EBMとは、エビデンスを用い、経験と患者さんの状態や価値観などを統合して決定していく、でしたね。
ですから、EBMという思考は非常に効率的で、なおかつより正確な治療行為と言えます。
しかし問題は、行き過ぎたエビデンスへの思考の偏りです。
ただでさえ、EBMの有効率は60~90%と言われています。
これに、さらにエビデンスへの偏りが顕著になってしまったら。。。
どうでしょうかね。
ここで登場するのがNBM(Narrative Based Medicine)です。
日本語でいうと、物語りに基づく医療、です。
NBMとは、「病を、患者の人生という大きな物語の中で展開する一つの「物語り」であるとみなし、患者を「物語り」の「語り手」として尊重する一方で、医学的な疾患概念や治療法もあくまで一つの「医療者側の物語り」と捉え、さらに治療とは両者の物語りを摺り合わせ、摺り合わせる中から新たな「物語り」を創り出していくプロセスであると考える」、と定義されています。
ここで、もう一度EBMについておさらいしてみましょう。
EBMは、「個々の患者のケアに関わる意志を決定するために、最新かつ最良の根拠(エビデンス)を、一貫性を持って、明示的な態度で、思慮深く用いること。(Sackett DL:BMJ,1996)」と定義されています。
この定義から分かるように、EBMは、普遍的な方法を医療に提供するものではなく、あくまでも、目の前の実際の患者さんに焦点をあてる方法論であると言えます。
あれあれ、両者ともに最終的には似たようなオチになっていませんか?
そうなんです。
NBMは、EBMをあくまでも補完するものであり、対立するものではない、ということです。
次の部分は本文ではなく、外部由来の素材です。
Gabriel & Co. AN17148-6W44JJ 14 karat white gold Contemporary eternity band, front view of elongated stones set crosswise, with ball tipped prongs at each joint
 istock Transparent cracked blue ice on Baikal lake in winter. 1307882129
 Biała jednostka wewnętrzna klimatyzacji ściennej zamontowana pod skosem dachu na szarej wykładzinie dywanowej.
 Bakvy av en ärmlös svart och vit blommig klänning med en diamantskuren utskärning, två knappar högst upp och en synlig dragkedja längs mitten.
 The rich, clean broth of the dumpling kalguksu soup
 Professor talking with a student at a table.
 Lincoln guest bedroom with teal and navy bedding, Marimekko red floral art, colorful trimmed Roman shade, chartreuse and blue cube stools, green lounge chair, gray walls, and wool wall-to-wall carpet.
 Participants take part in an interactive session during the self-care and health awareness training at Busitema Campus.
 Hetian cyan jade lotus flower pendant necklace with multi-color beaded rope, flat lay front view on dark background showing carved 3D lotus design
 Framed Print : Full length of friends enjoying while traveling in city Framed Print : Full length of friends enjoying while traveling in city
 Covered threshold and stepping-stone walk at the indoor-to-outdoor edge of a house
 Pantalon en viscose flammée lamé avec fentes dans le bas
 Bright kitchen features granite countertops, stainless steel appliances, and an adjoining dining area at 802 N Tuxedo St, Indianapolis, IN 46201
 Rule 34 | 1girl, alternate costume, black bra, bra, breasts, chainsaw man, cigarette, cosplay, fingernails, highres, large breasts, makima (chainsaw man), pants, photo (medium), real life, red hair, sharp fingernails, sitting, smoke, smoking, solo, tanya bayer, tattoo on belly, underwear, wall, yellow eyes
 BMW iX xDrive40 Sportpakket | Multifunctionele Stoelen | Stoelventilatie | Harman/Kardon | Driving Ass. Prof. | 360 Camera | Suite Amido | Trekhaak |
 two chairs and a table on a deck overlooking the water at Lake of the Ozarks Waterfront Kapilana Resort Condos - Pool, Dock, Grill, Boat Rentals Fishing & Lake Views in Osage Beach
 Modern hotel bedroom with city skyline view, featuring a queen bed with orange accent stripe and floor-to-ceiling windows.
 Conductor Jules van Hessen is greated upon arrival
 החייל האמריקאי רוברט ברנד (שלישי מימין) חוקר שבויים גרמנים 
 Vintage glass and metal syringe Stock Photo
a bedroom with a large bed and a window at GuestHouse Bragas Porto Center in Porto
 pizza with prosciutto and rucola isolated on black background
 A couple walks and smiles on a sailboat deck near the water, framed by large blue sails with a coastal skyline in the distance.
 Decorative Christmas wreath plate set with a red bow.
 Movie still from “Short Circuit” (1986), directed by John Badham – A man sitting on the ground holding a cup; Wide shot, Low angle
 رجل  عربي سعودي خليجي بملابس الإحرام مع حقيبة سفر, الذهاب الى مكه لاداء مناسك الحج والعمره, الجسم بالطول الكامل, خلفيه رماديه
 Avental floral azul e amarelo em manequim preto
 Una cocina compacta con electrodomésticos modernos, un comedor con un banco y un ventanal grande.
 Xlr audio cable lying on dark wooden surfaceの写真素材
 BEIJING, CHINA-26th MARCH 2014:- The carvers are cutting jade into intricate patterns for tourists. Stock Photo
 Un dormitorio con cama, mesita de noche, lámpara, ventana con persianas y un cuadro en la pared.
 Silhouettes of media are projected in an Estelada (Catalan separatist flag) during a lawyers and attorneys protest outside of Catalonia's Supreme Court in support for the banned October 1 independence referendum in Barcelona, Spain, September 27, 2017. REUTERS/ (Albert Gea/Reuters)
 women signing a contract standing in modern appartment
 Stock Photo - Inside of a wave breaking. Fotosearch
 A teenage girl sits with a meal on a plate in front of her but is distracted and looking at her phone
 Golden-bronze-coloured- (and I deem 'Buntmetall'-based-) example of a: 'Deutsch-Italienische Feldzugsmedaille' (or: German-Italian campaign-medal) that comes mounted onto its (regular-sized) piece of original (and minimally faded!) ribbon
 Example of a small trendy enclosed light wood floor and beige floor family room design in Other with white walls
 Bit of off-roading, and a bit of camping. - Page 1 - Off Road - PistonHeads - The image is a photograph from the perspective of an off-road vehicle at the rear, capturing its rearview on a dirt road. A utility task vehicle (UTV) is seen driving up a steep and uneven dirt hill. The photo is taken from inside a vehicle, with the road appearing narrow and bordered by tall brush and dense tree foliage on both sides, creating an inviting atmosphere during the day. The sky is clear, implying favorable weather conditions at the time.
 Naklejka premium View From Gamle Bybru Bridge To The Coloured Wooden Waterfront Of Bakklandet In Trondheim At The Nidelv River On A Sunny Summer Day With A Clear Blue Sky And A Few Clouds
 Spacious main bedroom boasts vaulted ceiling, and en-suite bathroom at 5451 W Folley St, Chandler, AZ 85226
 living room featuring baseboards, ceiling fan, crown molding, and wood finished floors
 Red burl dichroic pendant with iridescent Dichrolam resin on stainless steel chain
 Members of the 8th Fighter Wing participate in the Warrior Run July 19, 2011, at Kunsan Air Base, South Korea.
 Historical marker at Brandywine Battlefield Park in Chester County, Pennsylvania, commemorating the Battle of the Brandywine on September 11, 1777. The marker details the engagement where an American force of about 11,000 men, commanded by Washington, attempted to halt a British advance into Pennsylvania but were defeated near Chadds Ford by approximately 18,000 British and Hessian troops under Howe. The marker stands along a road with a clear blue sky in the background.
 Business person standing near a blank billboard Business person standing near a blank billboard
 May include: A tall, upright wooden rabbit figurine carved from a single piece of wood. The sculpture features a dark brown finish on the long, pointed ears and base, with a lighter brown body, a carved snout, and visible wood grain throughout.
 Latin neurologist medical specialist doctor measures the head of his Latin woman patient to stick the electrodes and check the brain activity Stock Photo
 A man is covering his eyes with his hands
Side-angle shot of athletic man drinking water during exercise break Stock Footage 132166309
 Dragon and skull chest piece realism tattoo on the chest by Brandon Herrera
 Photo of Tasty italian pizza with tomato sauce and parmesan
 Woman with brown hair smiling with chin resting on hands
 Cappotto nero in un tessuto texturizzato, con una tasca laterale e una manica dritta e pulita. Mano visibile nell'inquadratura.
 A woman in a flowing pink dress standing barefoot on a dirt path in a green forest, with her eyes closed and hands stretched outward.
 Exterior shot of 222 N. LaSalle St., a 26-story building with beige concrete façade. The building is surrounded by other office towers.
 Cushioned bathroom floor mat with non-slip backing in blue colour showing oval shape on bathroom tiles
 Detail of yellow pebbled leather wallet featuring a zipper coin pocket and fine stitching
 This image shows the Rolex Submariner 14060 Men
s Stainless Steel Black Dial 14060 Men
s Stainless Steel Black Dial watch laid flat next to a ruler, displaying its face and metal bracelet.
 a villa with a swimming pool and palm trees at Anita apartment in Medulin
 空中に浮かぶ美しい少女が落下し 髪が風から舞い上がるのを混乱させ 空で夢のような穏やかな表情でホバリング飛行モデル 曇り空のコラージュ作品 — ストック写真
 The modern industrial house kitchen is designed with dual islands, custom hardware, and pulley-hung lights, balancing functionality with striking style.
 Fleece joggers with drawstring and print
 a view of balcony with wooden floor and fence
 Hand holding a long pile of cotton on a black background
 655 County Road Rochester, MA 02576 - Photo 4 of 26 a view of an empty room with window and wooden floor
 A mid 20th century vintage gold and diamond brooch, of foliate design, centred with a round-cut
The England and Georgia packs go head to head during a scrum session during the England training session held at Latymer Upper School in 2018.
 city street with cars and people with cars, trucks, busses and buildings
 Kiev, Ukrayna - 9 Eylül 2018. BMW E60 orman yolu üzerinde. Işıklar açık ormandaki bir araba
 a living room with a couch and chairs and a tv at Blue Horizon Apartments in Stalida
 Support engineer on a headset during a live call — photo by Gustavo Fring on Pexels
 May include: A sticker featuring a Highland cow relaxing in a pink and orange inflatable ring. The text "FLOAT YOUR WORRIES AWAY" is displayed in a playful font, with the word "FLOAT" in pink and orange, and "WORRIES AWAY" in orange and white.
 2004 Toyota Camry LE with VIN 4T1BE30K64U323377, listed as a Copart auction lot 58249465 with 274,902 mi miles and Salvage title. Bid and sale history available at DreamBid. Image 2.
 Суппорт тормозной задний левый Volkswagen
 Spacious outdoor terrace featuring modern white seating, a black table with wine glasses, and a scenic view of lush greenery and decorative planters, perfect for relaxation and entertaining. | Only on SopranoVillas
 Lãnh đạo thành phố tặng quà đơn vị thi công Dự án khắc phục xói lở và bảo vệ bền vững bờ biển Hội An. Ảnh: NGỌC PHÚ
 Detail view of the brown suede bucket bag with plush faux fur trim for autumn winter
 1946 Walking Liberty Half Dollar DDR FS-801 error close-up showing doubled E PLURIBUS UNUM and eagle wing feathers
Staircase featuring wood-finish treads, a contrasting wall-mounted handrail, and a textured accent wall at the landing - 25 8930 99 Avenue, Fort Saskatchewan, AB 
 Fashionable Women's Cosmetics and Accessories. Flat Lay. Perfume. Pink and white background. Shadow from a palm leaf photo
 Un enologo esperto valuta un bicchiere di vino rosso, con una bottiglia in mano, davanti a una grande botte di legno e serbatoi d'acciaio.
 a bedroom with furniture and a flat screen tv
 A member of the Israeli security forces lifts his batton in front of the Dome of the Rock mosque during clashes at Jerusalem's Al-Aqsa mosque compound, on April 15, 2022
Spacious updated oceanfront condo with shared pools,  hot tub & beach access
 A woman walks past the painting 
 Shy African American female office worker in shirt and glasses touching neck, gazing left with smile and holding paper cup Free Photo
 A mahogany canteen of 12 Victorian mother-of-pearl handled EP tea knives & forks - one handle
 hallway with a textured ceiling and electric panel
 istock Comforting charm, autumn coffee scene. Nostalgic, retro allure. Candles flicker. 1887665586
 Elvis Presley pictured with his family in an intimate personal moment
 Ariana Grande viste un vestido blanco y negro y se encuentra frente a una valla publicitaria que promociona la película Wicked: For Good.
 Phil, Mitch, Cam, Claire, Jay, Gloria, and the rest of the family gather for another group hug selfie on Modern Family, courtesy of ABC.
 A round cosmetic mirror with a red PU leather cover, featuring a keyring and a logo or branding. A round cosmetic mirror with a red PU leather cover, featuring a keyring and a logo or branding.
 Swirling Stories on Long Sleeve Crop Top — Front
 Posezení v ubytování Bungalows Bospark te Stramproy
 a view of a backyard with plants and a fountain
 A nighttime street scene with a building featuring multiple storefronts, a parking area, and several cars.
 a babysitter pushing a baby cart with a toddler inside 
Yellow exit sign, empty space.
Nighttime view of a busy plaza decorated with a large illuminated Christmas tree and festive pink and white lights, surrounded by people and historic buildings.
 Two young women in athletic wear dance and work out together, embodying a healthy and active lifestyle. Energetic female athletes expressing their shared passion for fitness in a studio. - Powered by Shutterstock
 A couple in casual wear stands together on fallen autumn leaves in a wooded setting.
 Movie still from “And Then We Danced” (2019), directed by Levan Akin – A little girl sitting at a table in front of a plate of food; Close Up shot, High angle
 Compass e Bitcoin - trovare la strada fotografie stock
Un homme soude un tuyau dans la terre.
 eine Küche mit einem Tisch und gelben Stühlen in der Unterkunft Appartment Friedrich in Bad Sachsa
NBMを学ぶうえで参考になるサイトを挙げておきます。
https://ds-pharma.jp/gakujutsu/contents/nbm/
上記サイトより、EBMとNBMを統合できるかについて、まとめたものをお借りします。
EBMとNBMを統合することは可能か?という問題について、もう一度まとめておきたいと思います。第1に、「EBMとNBMは相互に補完的であり、NBMを加えることによってEBMの体系は完成する」という考え方が可能です。このような観点からEBMを実践することにより、EBMは真に患者中心の医療となるものと思われます。
しかし一方では以下のような考え方もあります。「EBMとNBMは寄って立つ世界観が異なっているので、簡単に統合することはできないが、患者と医師の出会いの場面において両者は共存しうる」とする考え方です。筆者はさらにその考えを一歩進めて、「EBMとNBMは異なる2つの世界観であるが、患者と医師の対話の現場において、NBMはEBMを包摂・統合しうる」と考えています。その統合のための実践的方法論をまとめると以下のようになります。
1.患者の物語りをまずまるごと傾聴する。
2.エビデンスを物語り的に再解釈する。
3.対話の話題として、エビデンスを利用する。
4.エビデンスが得られない場合でも、対話を続けることによって、新しい物語りの浮上を期待する。
5.不適切な物語りの一人歩きをエビデンスによって防止する。
最後に、EBMとNBMは患者中心の医療のための車の両輪であることを再度強調しておきます。
とのことです。
EBMを実践するとき、NBMも考慮してみてはいかがでしょうか。
今日もお付き合い、ありがとうございました。